Bitter jedoch, dass die beiden anderen städtischen Reihen, Musica Nova und Musica Antiqua, in der kommenden Saison bis auf wenige Restbestände gestrichen sind: Von der Musica Nova bleiben nur die beiden letzten Konzerte im Juni 2022 übrig; von der Musica Antiqua immerhin die beliebten Sommerkonzerte in der Sondelfinger Stephanuskirche.

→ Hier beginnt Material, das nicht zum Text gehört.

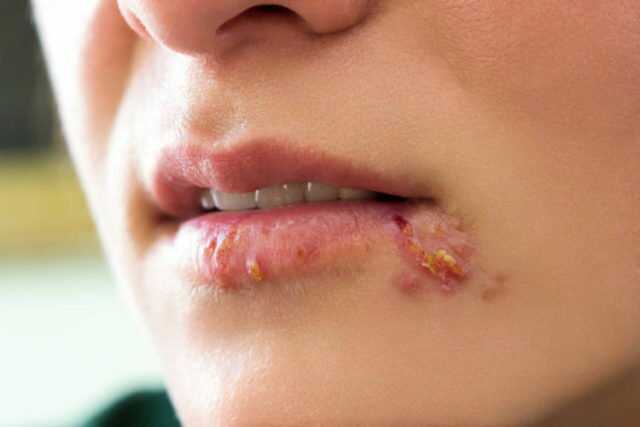 Những dấu hiệu và triệu chứng của bệnh herpes simplex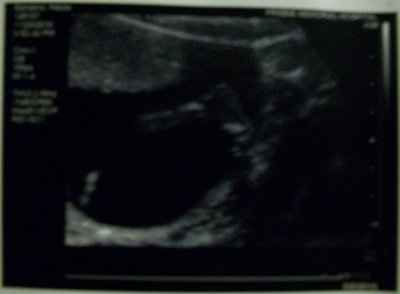 No I am NOT pregnant :)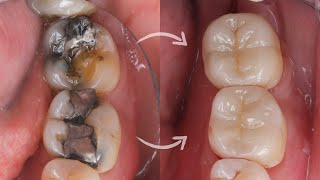 Ceramic ONLAY amp OVERLAY cementation StepbyStep [upl. by Inaja]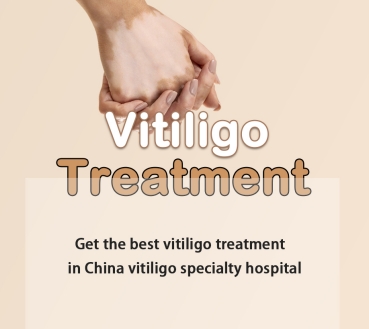 How to Cure Vitiligo Naturally 2025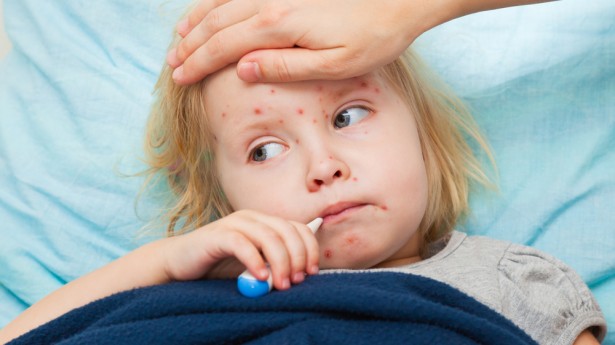 Measles – make sure  you vaccinate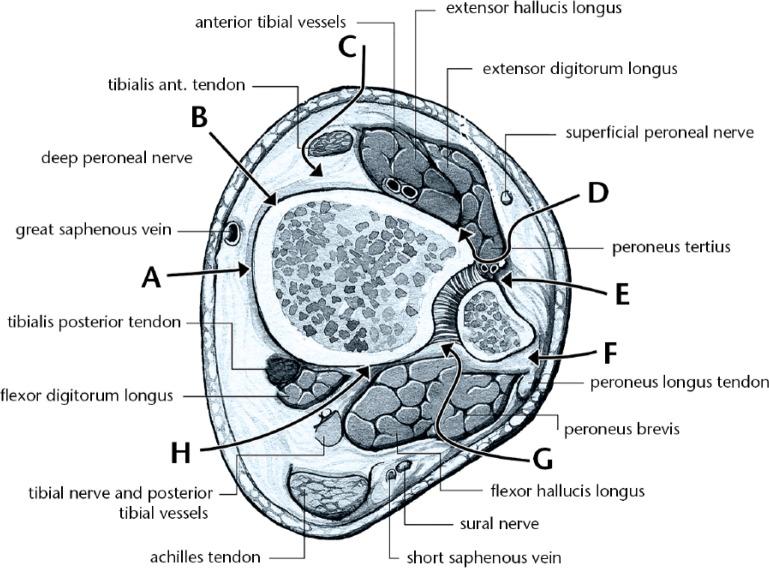 https://cdn.ncbi.nlm.nih.gov/pmc/blobs/a335/5590002/5a32a595e90a/eor-2-352-g005.jpg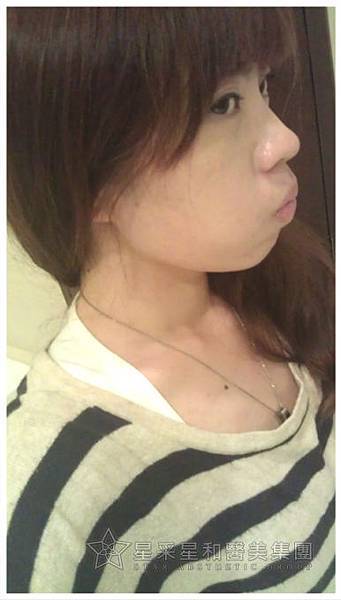 星采大安_櫻花染料雷射_淑鈴11 星采大安_櫻花染料雷射_淑鈴11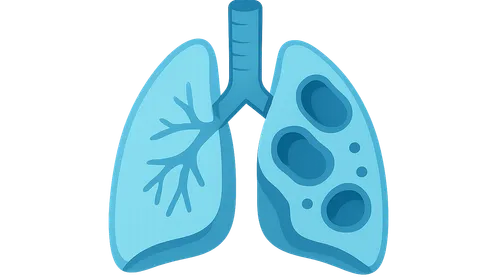 COPD diagnosis and exacerbations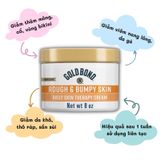  Kem Dưỡng Da Gold Bond Ultimate Rough & Bumpy Skin Cream 226G 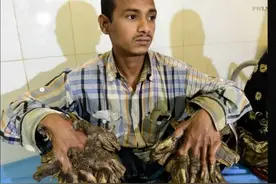 现实版树人！手脚长满肉疣25次手术切除未根治，男子双手犹如树根视频封面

Nicht etwa die Corona-Pandemie ist der Grund dafür, sondern schlicht Personalmangel im Kulturamt, wie Amtsleiterin Anke Bächtiger einräumte. Bei zwei Mitarbeiterinnen steht eine Mutterschaftspause an, eine weitere Kollegin ist längerfristig erkrankt. Natürlich ist es kaum möglich, mit einem derart geschrumpften Team sämtliche Reihen zu stemmen. Und natürlich ist es schwierig, für wenige Monate Mutterschaftsvakanz eine sinnige Vertretung zu organisieren. Andererseits wäre es durchaus möglich gewesen, für ein Jahr eine Projektkraft in Vollzeit heranzuziehen, um die Reihen zu retten. Doch dafür fehlte offensichtlich das Geld.

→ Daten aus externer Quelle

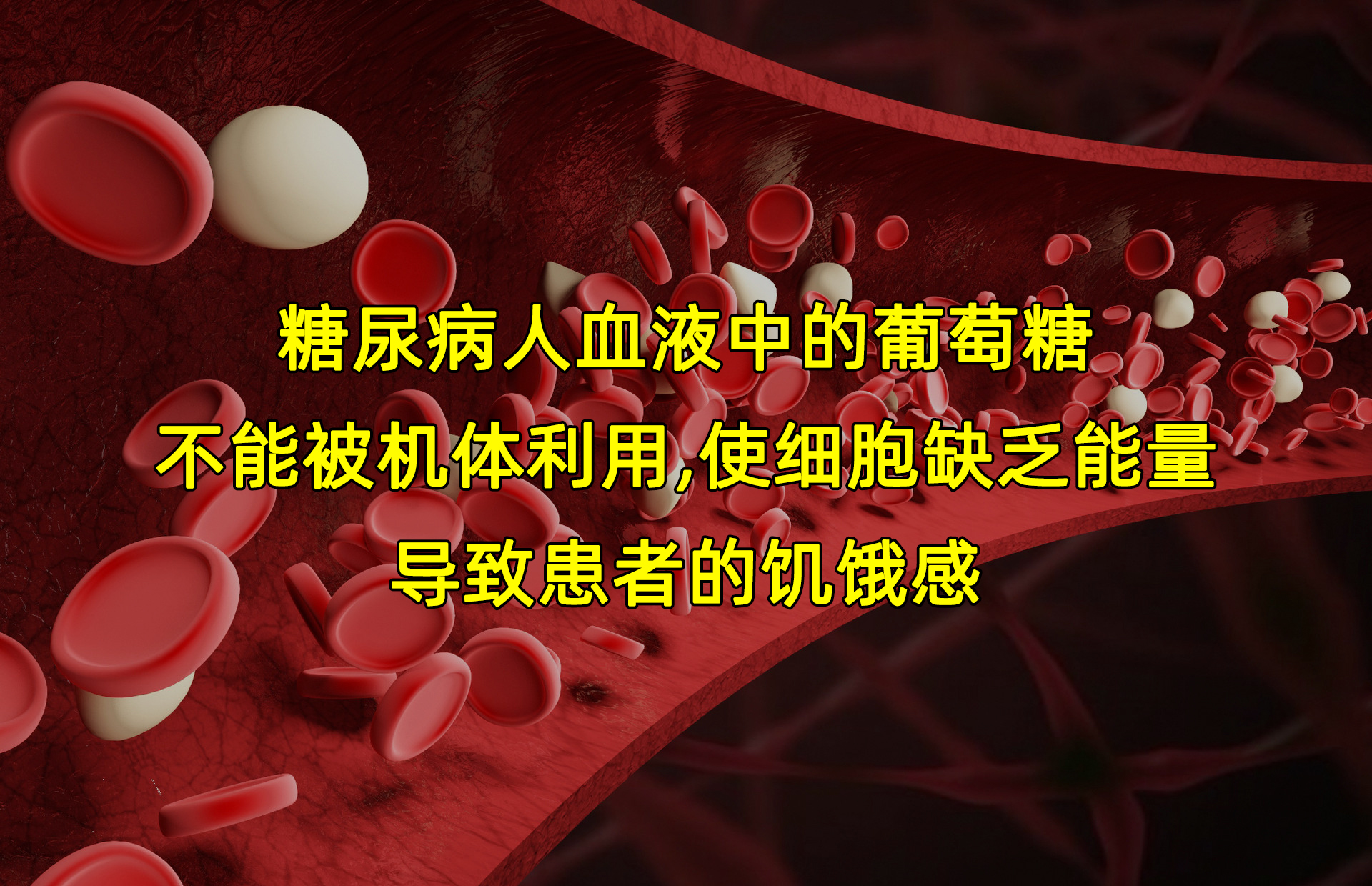 糖尿病人总是感觉饿该怎么办？吃饭时遵循这4点！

Hier liegt das Problem: Reutlingen war bereits vor der Krise verschuldet, die Pandemie hat das Finanzloch noch wachsen lassen. Dass in dieser Lage bald Liebgewonnenes ins Visier geraten würde, war abzusehen. Dass es so schnell gerade die Kultur erwischt, erschüttert dann aber doch. Beide Reihen hatten vor Corona eine lückenlose Kontinuität von Jahrzehnten – wenn nun zwei Schwangerschaften und ein einzelner Krankheitsfall bereits reichen, um diese Institutionen zu kippen, spricht das Bände, wie verletzlich die Kultur in Reutlingen ist.

Immerhin ist festzuhalten, dass man im Kulturbereich in der Krise nicht nur gestrichen, sondern auch Impulse gesetzt hat. Für die beiden Reihen, die beide vor Corona eine sehr erfreuliche Entwicklung genommen hatten, ist es dennoch bitter. Zumal sie bereits im Coronajahr 2020 mehr oder weniger ausfielen. Sie werden nach der Durststrecke Wiederaufbauarbeit leisten müssen.